2700 Lake Villa Drive, Suite 180
Metairie, Louisiana 70002

RE: Coastwise Transportation; 46 U.S.C. § 55102

Dear Mr. McBride:

This letter is in response to your correspondence dated December 29, 2008, requesting a ruling on whether off-specification ethylene glycol may be unladen at its original point of lading without violating the Jones Act, 46 U.S.C. § 55102. Our ruling on your request follows.

FACTS

On October 28, 2008, the M/T BOW ENGINEER loaded 6,596.868 MT of ethylene glycol at Dow Taft in St. Charles, Louisiana. The cargo was supposed to be discharged at Santos, Brazil, however, upon arrival in Brazil, it was determined that the cargo was off-specification.
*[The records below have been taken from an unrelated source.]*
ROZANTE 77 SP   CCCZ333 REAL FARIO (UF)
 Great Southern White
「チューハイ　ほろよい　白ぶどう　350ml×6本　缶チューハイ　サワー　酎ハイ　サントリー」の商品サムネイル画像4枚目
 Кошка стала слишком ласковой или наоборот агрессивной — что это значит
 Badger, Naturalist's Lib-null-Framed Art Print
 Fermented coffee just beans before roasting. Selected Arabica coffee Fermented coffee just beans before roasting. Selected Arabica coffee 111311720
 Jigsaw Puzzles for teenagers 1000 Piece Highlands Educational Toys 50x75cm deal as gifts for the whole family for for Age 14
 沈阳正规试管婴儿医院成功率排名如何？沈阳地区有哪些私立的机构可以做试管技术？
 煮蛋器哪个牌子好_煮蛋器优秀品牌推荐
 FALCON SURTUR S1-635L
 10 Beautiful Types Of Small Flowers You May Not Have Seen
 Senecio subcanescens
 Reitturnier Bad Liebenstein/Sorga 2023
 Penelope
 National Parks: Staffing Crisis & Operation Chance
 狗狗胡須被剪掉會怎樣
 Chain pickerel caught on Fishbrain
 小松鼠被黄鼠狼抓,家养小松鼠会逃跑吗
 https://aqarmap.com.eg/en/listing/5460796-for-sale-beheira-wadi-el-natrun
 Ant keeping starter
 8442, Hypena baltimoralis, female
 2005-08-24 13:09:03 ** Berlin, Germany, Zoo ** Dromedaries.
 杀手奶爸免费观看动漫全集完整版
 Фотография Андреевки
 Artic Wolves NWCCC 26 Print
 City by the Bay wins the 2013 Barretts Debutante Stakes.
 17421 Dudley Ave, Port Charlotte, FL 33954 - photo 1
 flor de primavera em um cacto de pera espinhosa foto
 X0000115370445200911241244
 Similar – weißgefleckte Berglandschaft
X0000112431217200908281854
The seller, Dow Chemical, requested that the cargo be returned to their Taft facility where they wish to discharge the cargo at the original dock where it was laden in St. Charles, Louisiana on January 5, 2009.

ISSUE

Whether the transportation of merchandise by a non-coastwise-qualified vessel as described above constitutes a violation of 46 U.S.C. § 55102?

LAW AND ANALYSIS

The Jones Act, former 46 U.S.C. App. § 883 recodified as 46 U.S.C. § 55102, pursuant to P.L. 109-304 (October 6, 2006), states that “a vessel may not provide any part of the transportation of merchandise by water, or by land and water, between points in the United States to which the coastwise laws apply, either directly or via a foreign port” unless the vessel was built in and documented under the laws of the United States and owned by persons who are citizens of the United States. See also 19 C.F.R. §§ 4.80, 4.80b. Such a vessel, after it has obtained a coastwise endorsement from the U.S. Coast Guard, is said to be “coastwise-qualified.” The coastwise laws generally apply to points in the territorial sea, which is defined as the belt, three nautical miles wide, seaward of the territorial sea baseline, and to points located in internal waters, landward of the territorial sea baseline.

Pursuant to 19 U.S.C. § 1401(c), the word "merchandise" is defined as "goods, wares, and chattels of every description, and includes merchandise the importation of which is prohibited, and monetary instruments as defined in section 5312 of Title 31.” For purposes of the Jones Act, merchandise also includes “valueless material.” See 46 U.S.C. § 55102(a)(2). The U.S. Customs and Border Protection (“CBP”) Regulations promulgated under the authority of 46 U.S.C. § 55102 provide that a coastwise transportation of merchandise takes place when merchandise laden at a coastwise point is unladen at another coastwise point, regardless of origin or ultimate destination. See 19 C.F.R. § 4.80b(a). These regulations further clarify the term coastwise points as “including points within a harbor.” See 19 C.F.R. § 4.80(a).

In addition, CBP has narrowly construed what constitutes the same coastwise point. In Headquarters Ruling Letter W115601, dated February 28, 2002, CBP found merchandise can be laden and unladen at the same location without violating 46 U.S.C. § 55102 but if the merchandise was unladen even a vessel width from the dock where it is laden (with no contact with the dock at any point) then a violation of 46 U.S.C. § 55102 has occurred. You state that you will unlade the merchandise at the dock from which it was originally laden. Accordingly, given that the merchandise was originally laden at this dock, it may be unladen at the same dock without violating 46 U.S.C. § 55102. HOLDING

The transportation of merchandise by a non-coastwise-qualified vessel as described above does not constitute a violation of 46 U.S.C. § 55102.